Though yes, the final test should still require a skilled tester.

Comments

You wrote: "Today a computer can, with a bit of care in programming inflections and such into the speech, [sound] very much like a human,..."

So true. I developed a short video clip regarding this and posted it on YouTube. I developed it for entertainment. It isn't supposed to be an actual Turing test or demonstration of an actual Turing test. But it is my way of showing how advanced software can communicate with humans. A new way of Human-Computer interaction.

Hallie talks with Dave (a look into the future of Voice Recognition)

The software used in the demo is e-Speaking (http://www.e-Speaking.com) in case you're interested. The demo is a series of voice commands where my command is responded to by the computer with an elaborate statement (pre-programmed). Again, this isn't exactly Artificial Intelligence. But it does seem a little like a conversation between man and machine. ;-)

I believe Darwin was the first to suggest that visual expression
of emotions, primarily through facial gestures, evolved to make
it difficult to fake emotions, thus letting one know if someone
else is REALLY sad, angry etc.

Thus, your update of the Turing test is in a good tradition!

nice idea, but this exists already. It's called the Loebner Prize and is actually even more complex than your test, since it includes visual recognition too to fully win.

I think that's inherent in any videophone test because the human doing the test will communicate with visual cues to the computer, which it must be able to read.
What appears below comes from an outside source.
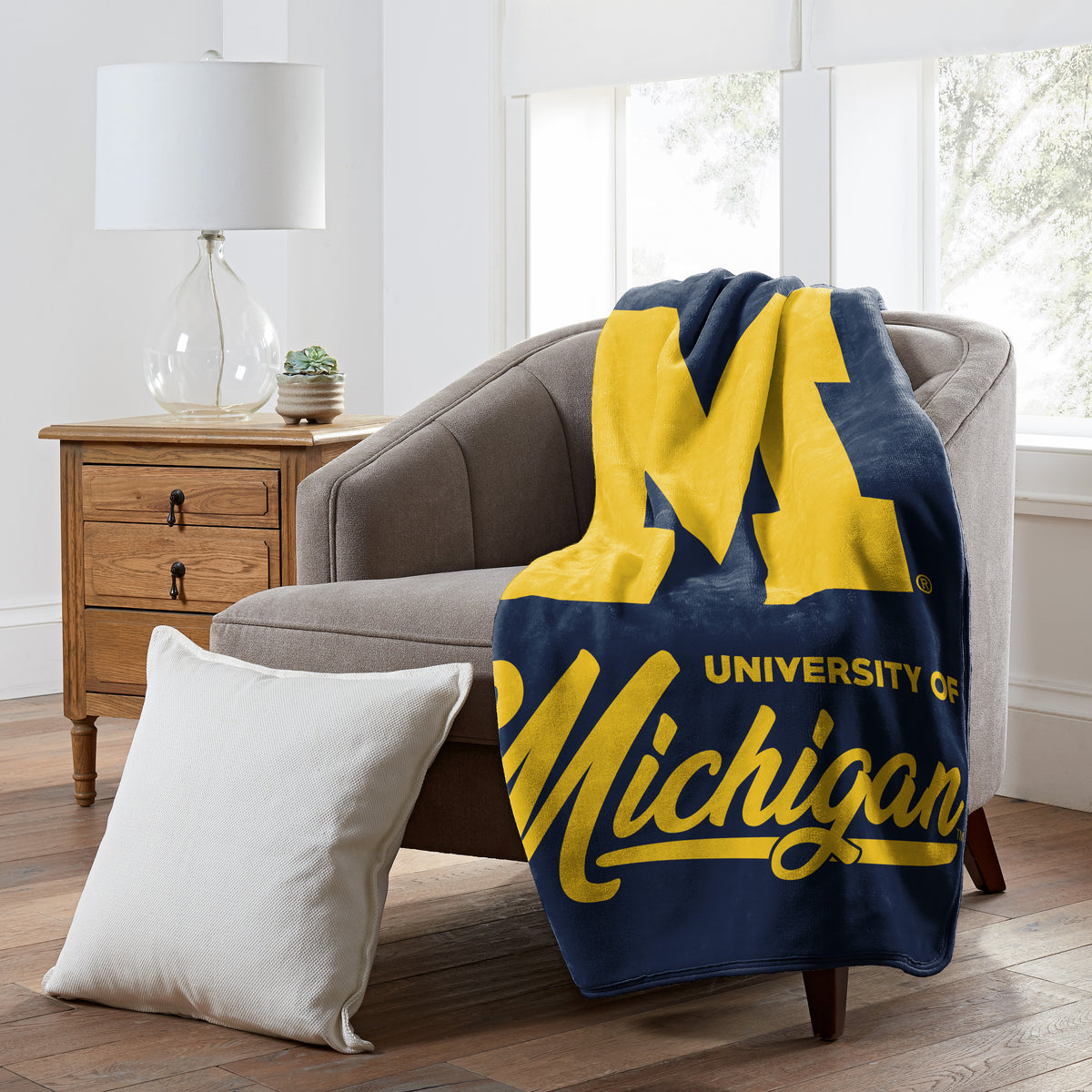 NCAA Michigan Wolverines Northwest Signature Raschel Blanket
My goal here has some similarity to Loebner's but at the core of what I propose is not so much making the test harder, as making the test more convincing to the general public. I believe we are likely to create good code for audio/visual recognition and generation before we develop AGI, so these goals don't make the test any harder to pass. They just make the public better able to understand what passing means.

...
In Turing Test Two, two players A and B are again being questioned by a human interrogator C. Before A gave out his answer (labeled as aa) to a question, he would also be required to guess how the other player B will answer the same question and this guess is labeled as ab. Similarly B will give her answer (labeled as bb) and her guess of A's answer, ba. The answers aa and ba will be grouped together as group a and similarly bb and ab will be grouped together as group b. The interrogator will be given first the answers as two separate groups and with only the group label (a and b) and without the individual labels (aa, ab, ba and bb). If C cannot tell correctly which of the aa and ba is from player A and which is from player B, B will get a score of one. If C cannot tell which of the bb and ab is from player B and which is from player A, A will get a score of one. All answers (with the individual labels) are then made available to all parties (A, B and C) and then the game continues. At the end of the game, the player who scored more is considered had won the game and is more "intelligent".
...

http://turing-test-two.com/ttt/TTT.pdf

While this test might reveal things about the analytic skills of the subjects, my revised test is designed to focus on not just a logical analysis of how well questions are answered, but the "feel" of a conversation with a real, creative, thinking being. I find this test interesting because while we might readily conclude than an AI that can solve problems we can't solve is intelligent, it will take more to convince the public that it's not a "soulless machine." That will take people falling in love with AIs (as people often fall in love over just the phone) and more. Not just questions.

The Turing test has been criticised for being too much about human-like intelligence. "We don't judge an airplane by whether we can't tell it from a bird." And indeed, there will be areas of intelligence for which the TT is useless. But at convincing the public to give the beings human rights, it will go farther.